ACTIVITY -> Starting with the line containing "エブリデイ カメラバッグ 黒" and going on through the line containing "venomVT_'s tweet photo.", return the lines of the data below exactly, and only those.

□ □ □ □ □ □ □

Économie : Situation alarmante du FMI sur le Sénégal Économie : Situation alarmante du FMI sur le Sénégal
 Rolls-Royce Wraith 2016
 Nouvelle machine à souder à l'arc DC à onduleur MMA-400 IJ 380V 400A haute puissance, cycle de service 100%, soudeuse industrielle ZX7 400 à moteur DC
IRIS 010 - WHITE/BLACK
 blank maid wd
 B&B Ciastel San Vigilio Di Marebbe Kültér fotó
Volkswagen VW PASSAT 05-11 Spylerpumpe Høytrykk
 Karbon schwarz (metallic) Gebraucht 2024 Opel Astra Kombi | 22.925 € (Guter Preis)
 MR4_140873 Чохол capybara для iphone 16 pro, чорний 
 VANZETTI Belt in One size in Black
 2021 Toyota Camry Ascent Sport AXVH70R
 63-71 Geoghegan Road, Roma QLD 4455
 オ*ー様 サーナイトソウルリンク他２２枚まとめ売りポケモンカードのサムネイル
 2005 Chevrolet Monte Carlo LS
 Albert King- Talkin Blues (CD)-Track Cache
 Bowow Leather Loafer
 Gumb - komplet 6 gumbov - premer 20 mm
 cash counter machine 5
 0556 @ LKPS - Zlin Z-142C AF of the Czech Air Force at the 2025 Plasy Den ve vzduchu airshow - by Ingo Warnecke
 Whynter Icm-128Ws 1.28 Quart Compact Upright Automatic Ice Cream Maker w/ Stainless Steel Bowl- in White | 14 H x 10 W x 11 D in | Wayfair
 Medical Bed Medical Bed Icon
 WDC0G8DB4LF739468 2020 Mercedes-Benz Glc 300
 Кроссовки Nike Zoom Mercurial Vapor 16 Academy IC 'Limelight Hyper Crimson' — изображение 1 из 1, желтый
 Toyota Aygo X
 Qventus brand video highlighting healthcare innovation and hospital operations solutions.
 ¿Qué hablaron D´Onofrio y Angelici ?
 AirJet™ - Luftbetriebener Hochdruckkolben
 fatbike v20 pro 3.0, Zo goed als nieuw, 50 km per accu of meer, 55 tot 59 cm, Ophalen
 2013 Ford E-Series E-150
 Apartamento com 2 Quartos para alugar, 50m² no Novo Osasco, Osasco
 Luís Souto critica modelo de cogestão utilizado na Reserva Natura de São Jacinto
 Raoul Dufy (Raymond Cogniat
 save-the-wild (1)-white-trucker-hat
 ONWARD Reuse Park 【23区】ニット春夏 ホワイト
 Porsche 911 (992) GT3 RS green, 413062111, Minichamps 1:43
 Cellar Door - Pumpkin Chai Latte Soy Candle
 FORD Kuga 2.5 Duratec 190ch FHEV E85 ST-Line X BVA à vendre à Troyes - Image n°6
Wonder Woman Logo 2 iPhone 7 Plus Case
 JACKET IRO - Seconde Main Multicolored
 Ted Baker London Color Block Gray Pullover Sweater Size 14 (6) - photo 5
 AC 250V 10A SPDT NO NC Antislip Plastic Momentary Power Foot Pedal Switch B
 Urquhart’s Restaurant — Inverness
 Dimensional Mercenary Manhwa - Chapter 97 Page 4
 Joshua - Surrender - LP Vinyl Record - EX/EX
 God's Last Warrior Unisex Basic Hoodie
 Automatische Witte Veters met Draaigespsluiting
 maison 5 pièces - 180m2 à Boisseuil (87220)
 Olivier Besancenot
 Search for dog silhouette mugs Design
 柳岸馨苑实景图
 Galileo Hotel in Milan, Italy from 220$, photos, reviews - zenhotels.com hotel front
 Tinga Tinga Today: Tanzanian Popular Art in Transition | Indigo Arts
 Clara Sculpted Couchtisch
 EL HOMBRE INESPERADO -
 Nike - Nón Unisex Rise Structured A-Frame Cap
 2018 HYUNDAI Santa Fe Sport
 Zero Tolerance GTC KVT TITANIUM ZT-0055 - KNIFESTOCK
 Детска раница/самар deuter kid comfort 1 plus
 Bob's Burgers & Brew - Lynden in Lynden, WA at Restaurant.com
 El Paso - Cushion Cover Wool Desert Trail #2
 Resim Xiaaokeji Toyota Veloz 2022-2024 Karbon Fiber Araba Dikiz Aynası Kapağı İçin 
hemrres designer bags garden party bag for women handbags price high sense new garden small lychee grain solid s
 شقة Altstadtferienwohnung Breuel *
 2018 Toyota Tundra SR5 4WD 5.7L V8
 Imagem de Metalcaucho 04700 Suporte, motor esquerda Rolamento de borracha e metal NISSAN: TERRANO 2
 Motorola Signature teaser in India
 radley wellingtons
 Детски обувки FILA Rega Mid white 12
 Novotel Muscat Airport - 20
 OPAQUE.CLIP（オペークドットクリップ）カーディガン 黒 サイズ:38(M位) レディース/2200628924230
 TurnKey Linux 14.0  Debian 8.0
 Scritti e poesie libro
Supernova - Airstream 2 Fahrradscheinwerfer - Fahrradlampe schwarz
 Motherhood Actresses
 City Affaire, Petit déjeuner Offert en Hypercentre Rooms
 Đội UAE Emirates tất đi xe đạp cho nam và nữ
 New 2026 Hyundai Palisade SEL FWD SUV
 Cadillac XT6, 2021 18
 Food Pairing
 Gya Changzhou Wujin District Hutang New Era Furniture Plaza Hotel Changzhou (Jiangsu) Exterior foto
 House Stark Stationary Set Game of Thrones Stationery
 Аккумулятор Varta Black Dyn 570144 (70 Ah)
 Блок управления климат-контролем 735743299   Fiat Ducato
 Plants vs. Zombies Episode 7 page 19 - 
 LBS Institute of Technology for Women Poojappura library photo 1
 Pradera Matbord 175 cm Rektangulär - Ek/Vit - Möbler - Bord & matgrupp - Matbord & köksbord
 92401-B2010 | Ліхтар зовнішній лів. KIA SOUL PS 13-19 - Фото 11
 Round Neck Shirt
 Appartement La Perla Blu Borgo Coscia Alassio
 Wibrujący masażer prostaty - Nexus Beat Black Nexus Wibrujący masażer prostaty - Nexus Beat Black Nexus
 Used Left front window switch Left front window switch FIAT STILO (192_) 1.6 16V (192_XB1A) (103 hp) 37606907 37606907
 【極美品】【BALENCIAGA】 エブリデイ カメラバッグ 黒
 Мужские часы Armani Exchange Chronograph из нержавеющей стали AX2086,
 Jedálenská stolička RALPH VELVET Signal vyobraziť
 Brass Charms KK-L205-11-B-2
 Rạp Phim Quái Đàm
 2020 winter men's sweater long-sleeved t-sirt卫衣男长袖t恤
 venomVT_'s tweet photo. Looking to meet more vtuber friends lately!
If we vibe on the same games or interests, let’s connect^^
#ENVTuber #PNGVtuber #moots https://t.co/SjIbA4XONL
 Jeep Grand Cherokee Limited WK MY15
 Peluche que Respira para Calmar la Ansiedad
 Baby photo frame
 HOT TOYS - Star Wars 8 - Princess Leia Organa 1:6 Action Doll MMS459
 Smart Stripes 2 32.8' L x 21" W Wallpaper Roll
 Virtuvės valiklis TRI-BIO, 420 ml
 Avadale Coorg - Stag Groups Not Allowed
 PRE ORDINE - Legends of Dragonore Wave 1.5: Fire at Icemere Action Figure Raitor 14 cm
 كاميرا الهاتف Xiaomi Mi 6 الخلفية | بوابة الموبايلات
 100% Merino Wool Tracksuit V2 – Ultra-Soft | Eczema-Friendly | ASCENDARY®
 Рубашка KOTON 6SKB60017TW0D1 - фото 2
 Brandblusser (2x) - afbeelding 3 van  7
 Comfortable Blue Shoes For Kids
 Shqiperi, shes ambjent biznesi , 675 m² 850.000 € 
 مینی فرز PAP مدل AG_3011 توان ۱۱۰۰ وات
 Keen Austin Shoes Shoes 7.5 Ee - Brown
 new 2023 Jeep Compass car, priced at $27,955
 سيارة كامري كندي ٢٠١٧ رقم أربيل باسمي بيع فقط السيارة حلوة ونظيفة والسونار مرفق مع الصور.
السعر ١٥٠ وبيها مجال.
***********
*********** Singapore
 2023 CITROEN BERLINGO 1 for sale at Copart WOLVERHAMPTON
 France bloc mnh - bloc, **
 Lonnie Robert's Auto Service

□ □ □ □ □ □ □

RESULT BELOW ->
 【極美品】【BALENCIAGA】 エブリデイ カメラバッグ 黒
 Мужские часы Armani Exchange Chronograph из нержавеющей стали AX2086,
 Jedálenská stolička RALPH VELVET Signal vyobraziť
 Brass Charms KK-L205-11-B-2
 Rạp Phim Quái Đàm
 2020 winter men's sweater long-sleeved t-sirt卫衣男长袖t恤
 venomVT_'s tweet photo. Looking to meet more vtuber friends lately!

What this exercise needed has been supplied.